What was O'Rourke's story?

O'Rourke had learned the story secondhand from Todd Yauck, the owner of the Booker grocery store and cafe, according to the newspaper.

The candidate told the crowd that the student who had been salutatorian at Booker High School had recently been deported to his home country where he didn't speak the language.

"My wife Amy and I were in Booker, Texas — we've traveled to each one of the 254 counties — one of the reddest communities in the state and we were surprised as we were going door to door to hear that the No. 1 concern for people in that community was the fate of Dreamers," O'Rourke said. "There are nearly 200,000 in the state of Texas, and the salutatorian from Booker High School had just been deported back to his country of origin, and everyone there was concerned about his welfare. But they were also concerned about the fact that he'd just been sent back to a country whose language he didn't speak, where he no longer had family connections. Where if he was successful against those long odds, he'd be successful for that place and not here for Texas."

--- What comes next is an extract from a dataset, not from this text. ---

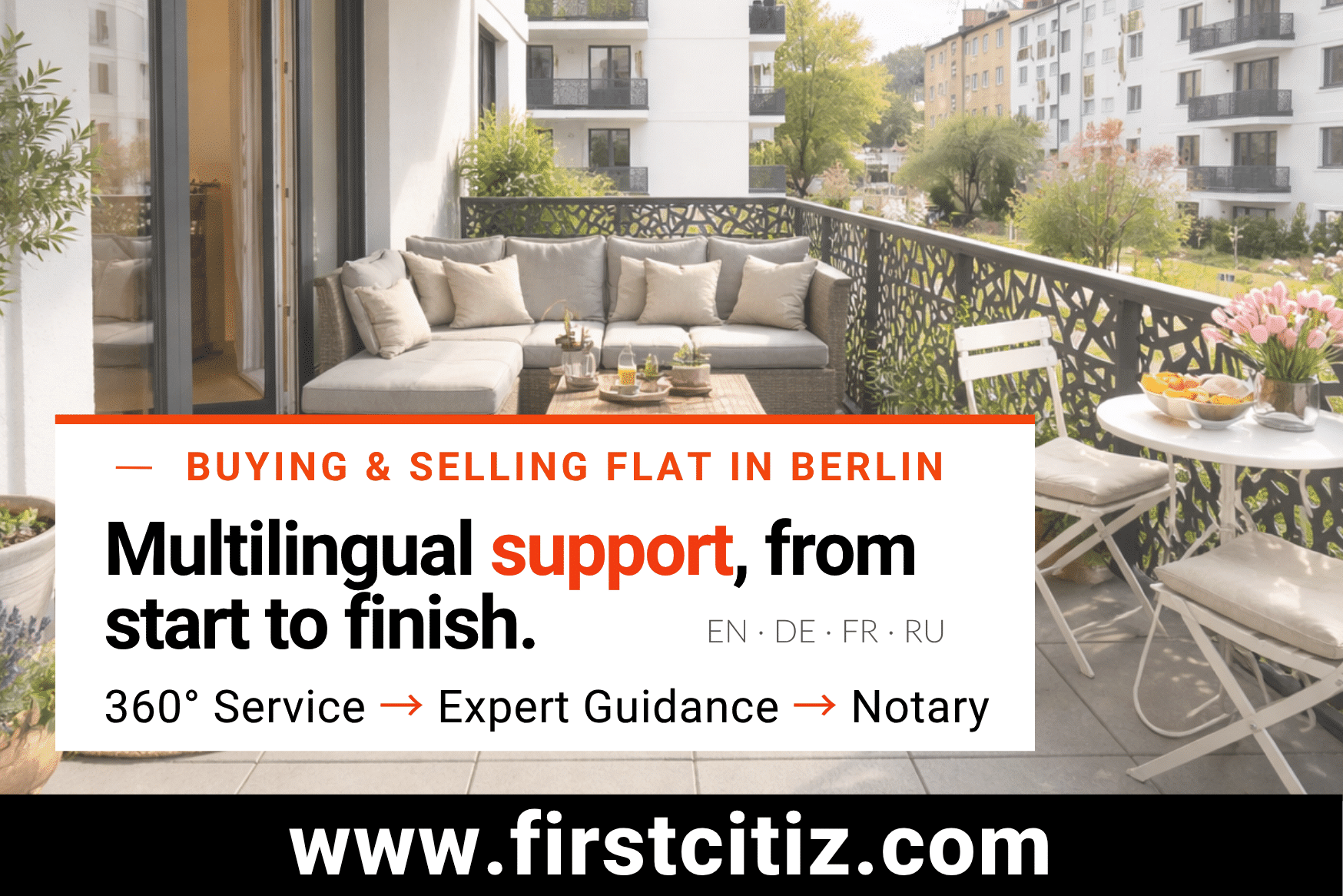 Buy property in Berlin: multilingual support for Expats with First Citiz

Yauck met the candidate on Aug. 7, 2017, when O'Rourke was campaigning there. The exchange between them was captured in a video posted online.

What did Rosales say?

The newspaper reached out to Yauck to confirm the identity of the person whose story he'd shared with O'Rourke last year.

Rosales, 30, graduated as the valedictorian from high school in 2006, and she spoke the language of her native country of Mexico, according to the Dallas Morning News.

The mother of two and a third on the way said the incident O'Rourke referred to occurred was 10 years ago. Rosales said she was born in Durango, Mexico, and her parents brought her to the U.S. illegally when she was 3.

"I did have to leave the country," she said. "My appointment was in Juarez, Mexico. I was not deported. It wasn't like a deportation. But I had to leave in order to get my permanent residency."

Her first child was born in January 2008 and later that year, she returned to Juarez to complete the immigration process. They remained there for six months until the paperwork came through.

"I wasn't deported, but I had to figure life out on my own for six months with a baby," she said of her time in Juarez.

Because she wasn't an American citizen, she didn't qualify for a full scholarship like other valedictorians in the state, but she could attend college.

She started her education at Frank Phillips College in Amarillo. She later transferred to West Texas A&M, then the University of North Texas, and eventually graduated from Oklahoma Panhandle State University.

Rosales admitted that the process for becoming a citizen can be difficult and costly.

"It's definitely something that should be easier to attain for good people," she said.

What did O'Rourke's campaign say?

"We were going off of what he was told when he was visiting Booker. ... That's what he took away from it. We weren't expecting to hear something like that in the Panhandle and that was something that really stuck out for him," O'Rourke campaign spokesman Chris Evans told the Dallas Morning News.

What else?

A highly anticipated second town hall-style debate on domestic policy between the candidates, which was set for Sunday at the University of Houston, has been postponed, the school announced on Friday in a Facebook post.

"The Sept. 30 debate between Senator Ted Cruz and Congressman Beto O’Rourke at the University of Houston has been postponed. Senator Cruz will be in Washington, D.C. for weekend votes. UH, Univision 45 and ABC-13 are working with the campaigns to find a new date to reschedule," the post said.